Il est bien connu que vos relations avec le pouvoir temporel ont été souvent tumultueuses durant votre ministère de prêtre et d’évêque. Et voici que le jour où vous fêtez votre jubilé d’or, le président de la République vous décerne la médaille de « Commandeur de l’ordre de la valeur ». Comment comprenez-vous ce geste ?
C’est une très bonne question que vous me posez-là. Il semble que généralement il faut faire une demande pour recevoir une décoration. Je dois vous dire que j’ai été étonné de recevoir cette distinction, car je n’avais rien demandé. Ensuite, c’est quand j’entrais à la messe que j’ai été averti que je serai décoré.

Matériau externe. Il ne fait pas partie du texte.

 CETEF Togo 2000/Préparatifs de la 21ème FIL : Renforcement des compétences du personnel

Il semblerait selon la rumeur, qu’ils redoutaient mon refus de recevoir cette distinction si mon avis avait été requis, ou si j’avais été informé bien avant. Personnellement, je ne vois pas pourquoi j’aurais refusé de recevoir cette distinction si j’avais été informé avant, ou si mon avis avait été requis. Le temps de l’étonnement passé et après réflexion, je suis arrivé à la conclusion que cette distinction, de la part du président de la République, est une sorte de reconnaissance de notre travail de pasteur, car je n’ai jamais été fonctionnaire d’Etat.
J’ai compris que le chef de l’État reconnait en moi un pasteur de l’Église catholique qui a fondé des écoles, des hôpitaux ; qui s’est investi dans les œuvres sociales au bénéfice de toutes les couches des populations de notre pays, et surtout des plus démunis sans discrimination, en vue d’améliorer leurs conditions de vie. Voilà la compréhension que je peux donner à cette décoration, étant donné que nous avons toujours eu des divergences d’opinions, et que nous n’avons jamais été des ennemis. Autrement, le geste ne s’expliquerait pas.

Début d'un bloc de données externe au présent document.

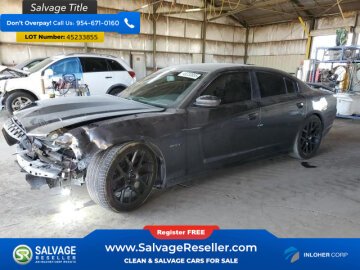 New 2014 Dodge Charger R/T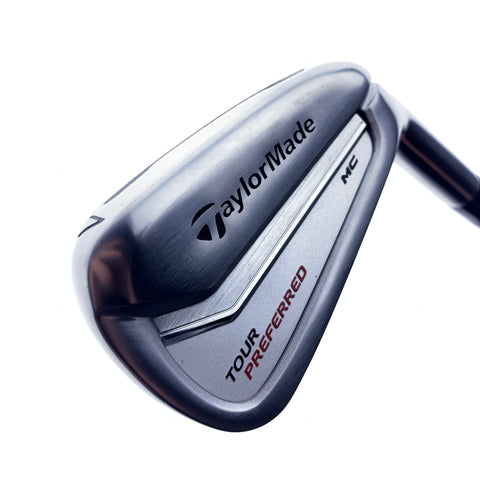 Used TaylorMade Tour Preferred MC 2014 7 Iron / Stiff Flex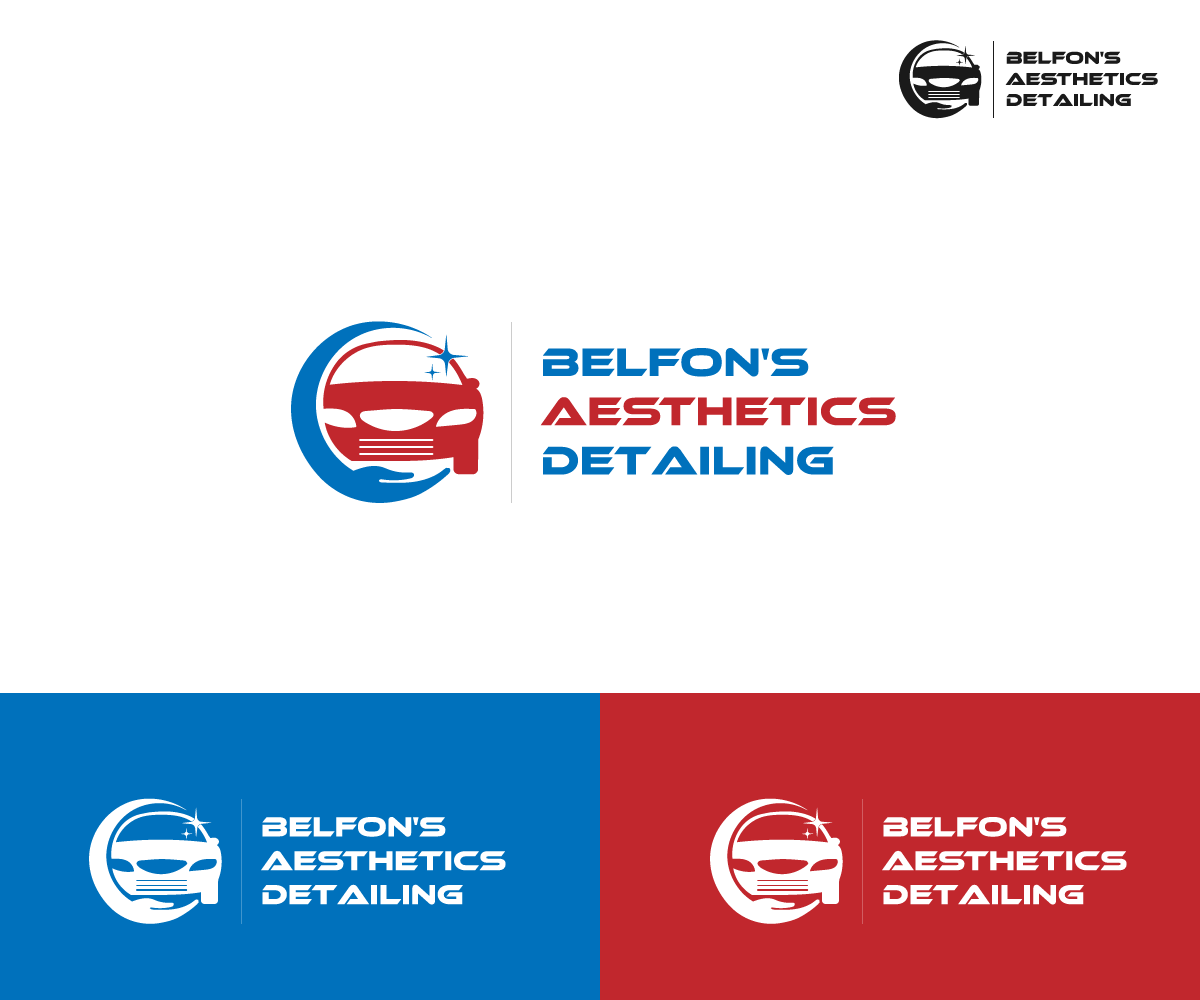Logo-Design von grea8design für Belfon's Aesthetic Detailing | Design #8216003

Au sujet du rapport entre l’Église catholique au Cameroun et le pouvoir politique, qu’est-ce qui justifie votre attitude personnelle faite de critique permanente et constante vis-à-vis de ce pouvoir ? Et comment expliquez-vous que sur certaines questions brulantes telles que la restriction des libertés publiques, la modification de la constitution, etc…. l’épiscopat, ne prend plus publiquement des positions franches et incisives, et semble même se distancer des vôtres ? Qu’est-ce qui a changé dans l’épiscopat depuis les 30 dernières années ?
Nous appartenons aux générations différentes. Les évêques actuels qui constituent la conférence épiscopale reconnaissent qu’ils ne parlent pas comme un seul homme. J’ai écouté quelques évêques qui regrettent cette absence d’unité qui existait entre nous en notre temps, notamment en 1990 quand nous avons publié un document sur la crise économique qui s’abattait sur le Cameroun. Certes, nous n’étions pas des experts en la matière… Comme vous le savez, je suis expert en théologie et en philosophie, mais pas en économie. Mais, nous avons produit ce document avec le concours et la participation de quelques laïcs. Vous comprenez qu’à l’époque c’est avec des Camerounais chrétiens, maitres dans ce domaine, que nous avons travaillé. Ce sont ces laïcs qui en avait rédigé le brouillon après nous avoir écoutés.
A l’époque, parce que j’étais président de la conférence épiscopale, des gens ont prétendu que c’est moi qui avais poussé les évêques à rédiger ce document. Je précise que le président de la conférence épiscopale ne peut pas pousser les évêques à prendre une position. Le président de la conférence est là pour deux choses : écouter les évêques et faire tout pour que leurs pensées passent dans la vie des chrétiens et de tous les hommes de bonne volonté, et servir de porte-parole des évêques en dehors de la Conférence, même s’il garde sa liberté d’opinion personnelle. Cette cohésion n’est pas évidente aujourd’hui. Peut-être parce que plusieurs évêques sont encore assez jeunes. Peut-être aussi qu’avec la maturité, ils n’auront pas peur de quoi que ce soit. De plus, ne perdons pas de vue que certains de ceux qui gouvernent actuellement ont été des camarades de classe de quelques évêques, contrairement à moi par exemple, qui n’ai pas eu de camarades de classe aujourd’hui ministres ou président de la République au Cameroun.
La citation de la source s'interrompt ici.